FIG. 6 shows a side view of apparatus 14 installed with and secured to IC 
socket 12. Spring probes 18 contact IC socket pins 11 of IC socket 12. A 
constant force is exerted on each of IC socket pins 11 from individual 
ones of springs 28 (see FIG. 2) which are contained within spring probes 
18. First ends of springs 28 directly operate on plungers 30 and contacts 
31 of spring probes 18 (see FIG. 2). Second ends of springs 28 supply a 
collective force to header 15 which urges header 15 away from PWB 10. This 
force is transmitted to short legs 47 of U-shaped members 46, connection 
legs 50 and long legs 48 of U-shaped members 46, and to spacer 16. In the 
second embodiment J-shaped members 19 and fingers 35 are integral portions 
of spacer 16. Thus, this force is applied to mounting surface 34 of IC 
socket 12 from fingers 35. Resultingly, apparatus 14 is clamped to IC 
socket 12 and a good electrical connection is maintained at all IC socket 
pins 11. 
The foregoing description uses various embodiments to illustrate the 
present invention. However, those skilled in the art will recognize that 
changes and modifications may be made in these embodiments without 
departing from the scope of the present invention. For example, other 
fastening mechanisms may be used. The J-shaped members of the first 
embodiment may slide rather than pivot. Or, alternate fastening techniques 
to the U-shaped members of the second embodiment may be used. 
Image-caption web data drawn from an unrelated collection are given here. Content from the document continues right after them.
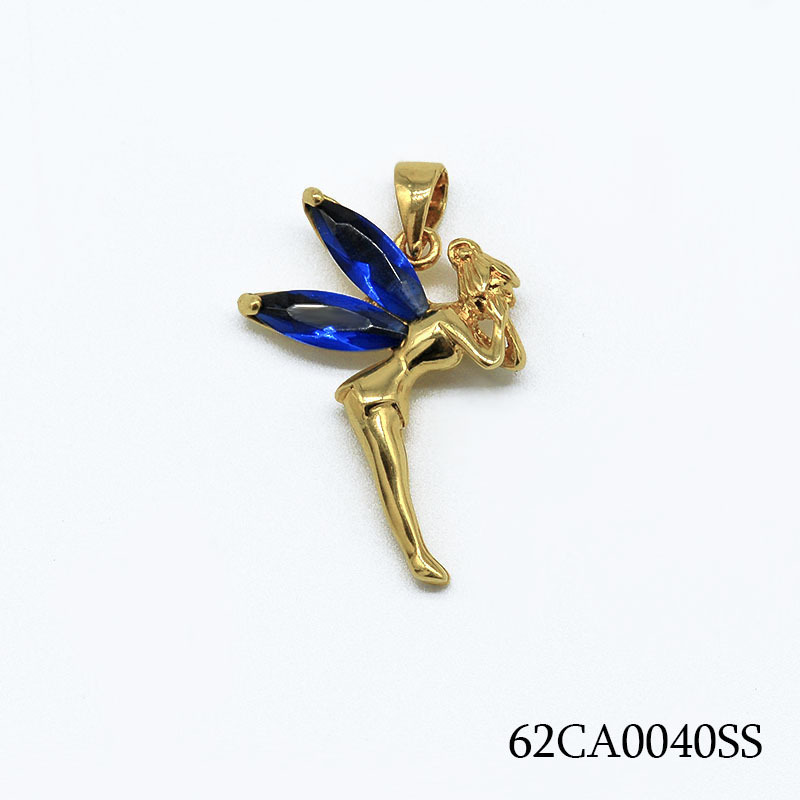 可爱花仙子吊坠 法国18k包金精灵造型吊坠 多色可选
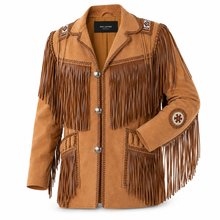 Load image into Gallery viewer, Western Leather Jackets for Men Cowboy Leather Jacket and Fringe Beaded Coat Suede Leather shirt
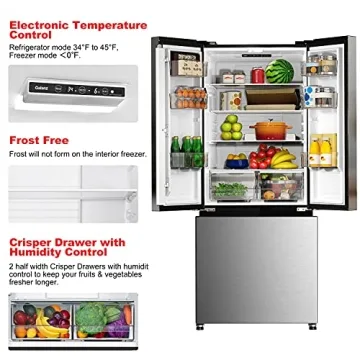Galanz 16 Cu Ft French Door Refrigerator - Sleek & Efficient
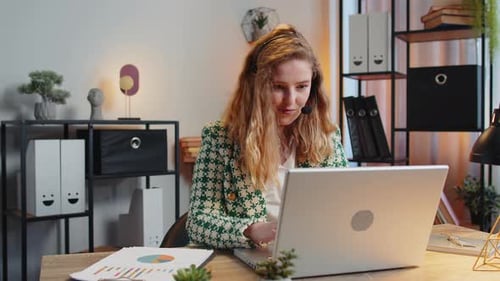 Business Woman Wearing Headset Freelance Worker Call Center or Support Service Operator Helpline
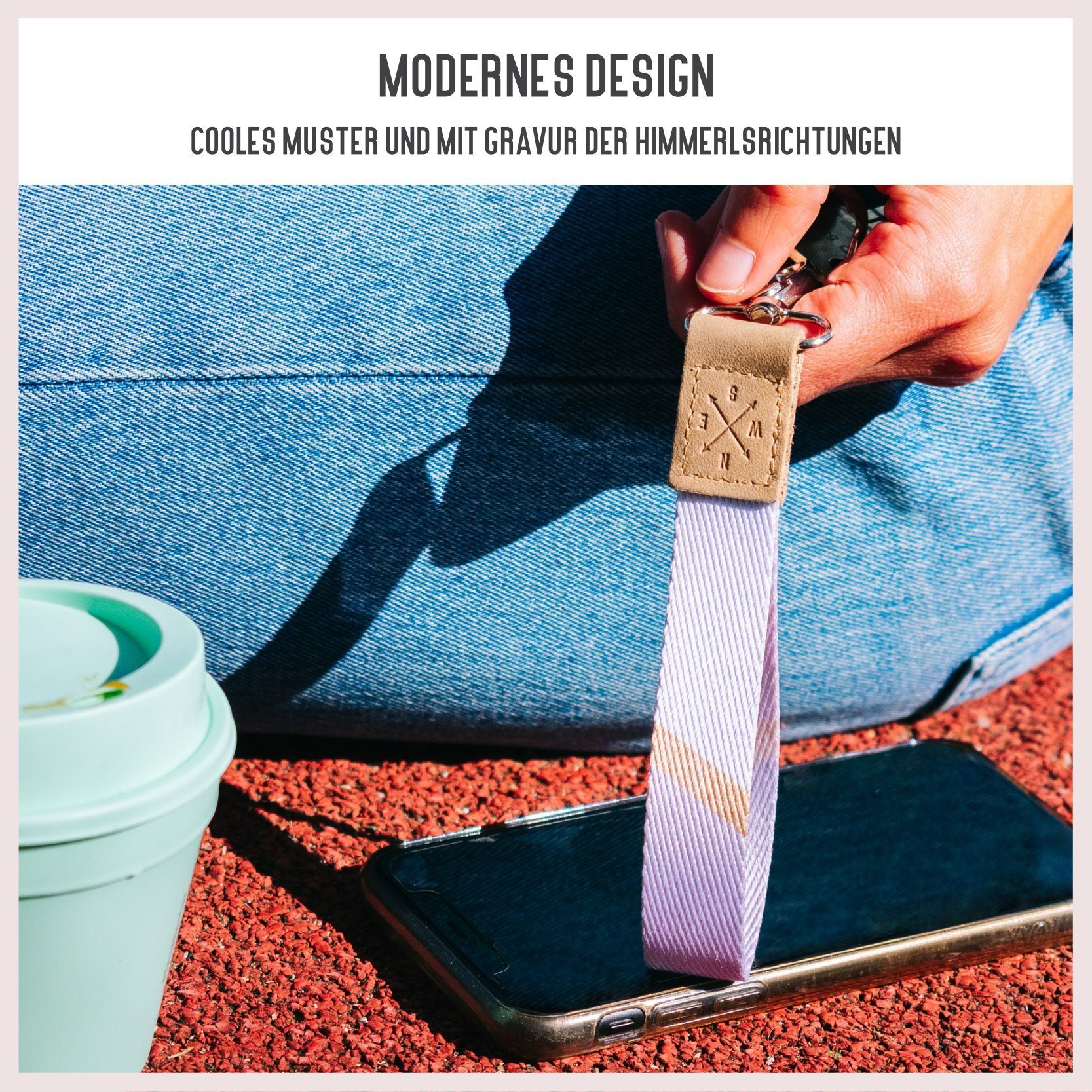 Things of Happiness Schlüsselanhänger Schlüsselband kurz mit Schlüsselring und Karabiner, kurzes Lanyard, Geschenk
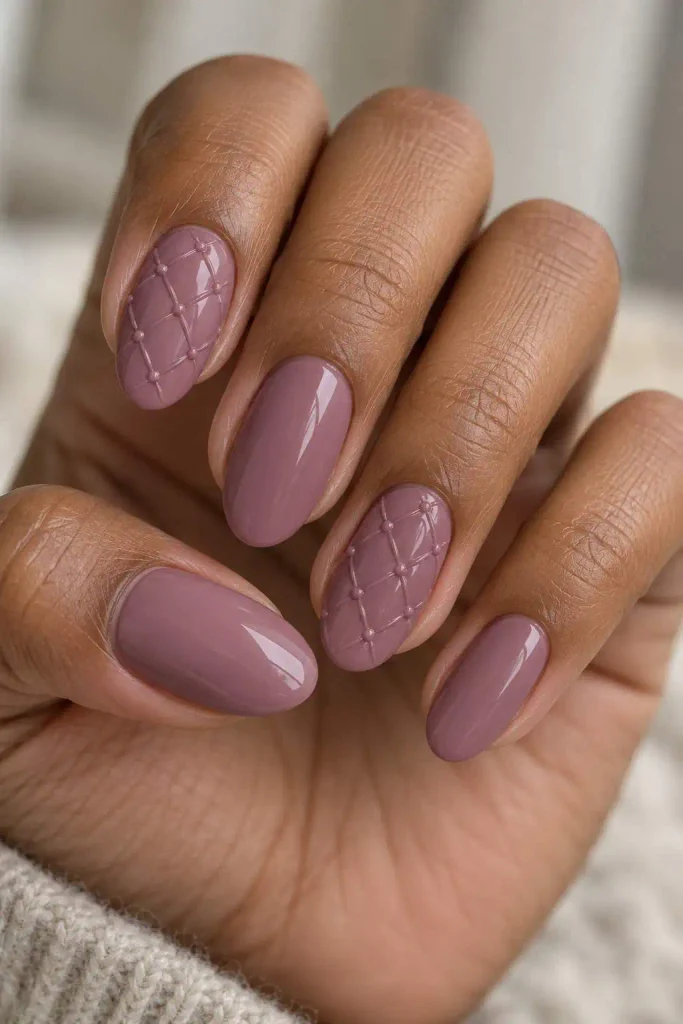 Mauve Embossed Quilted Oval Nails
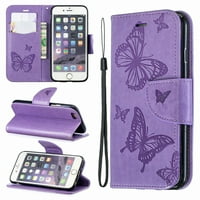 Case iPhone 6s novčanik, iPhone futrola, dteck reljefni leptir flip PU kožni štandovi Slotovi za prekrivanje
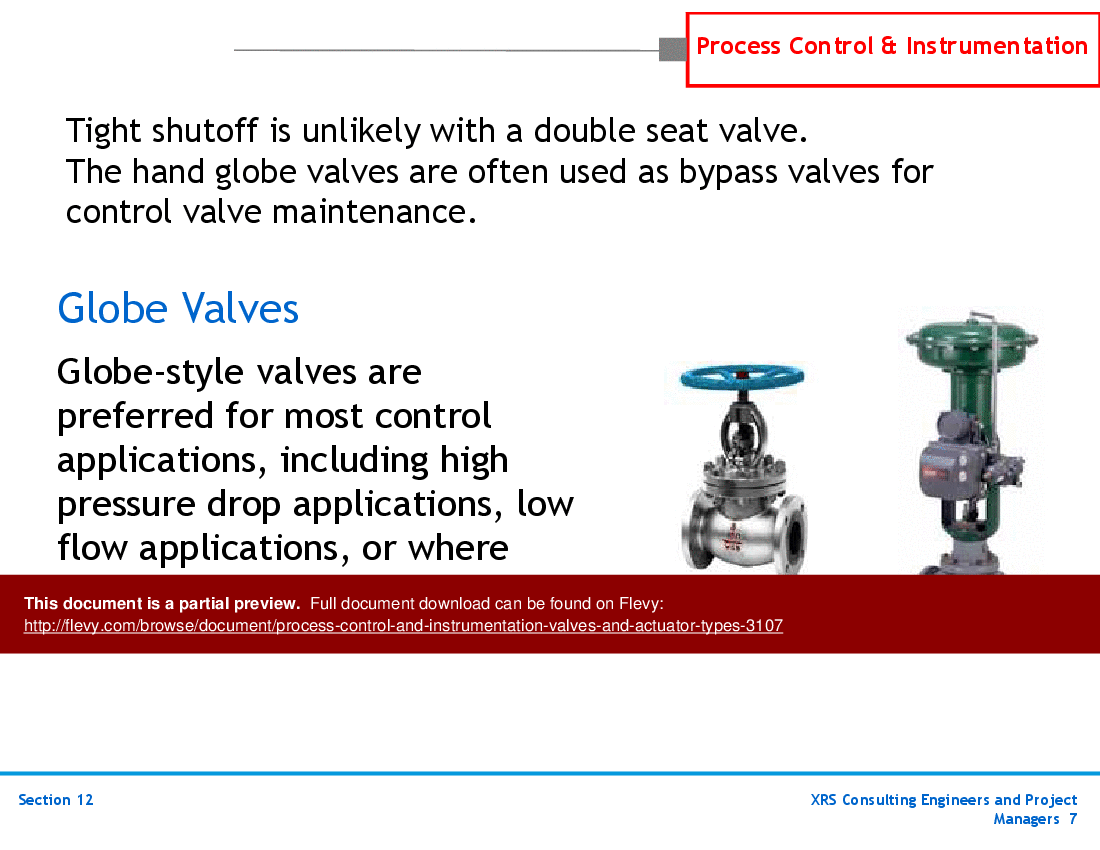 PPT P&ID, Instrumentation, & Control Valves & Actuator Types (52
Additionally, a circuit board to which IC sockets may be attached is not 
limited to being a PWB as described herein. Furthermore, various types of 
spring probes are available and may be successfully adapted for use in the 
present invention. These and other modifications obvious to those skilled 
in the art are intended to be included within the scope of this invention.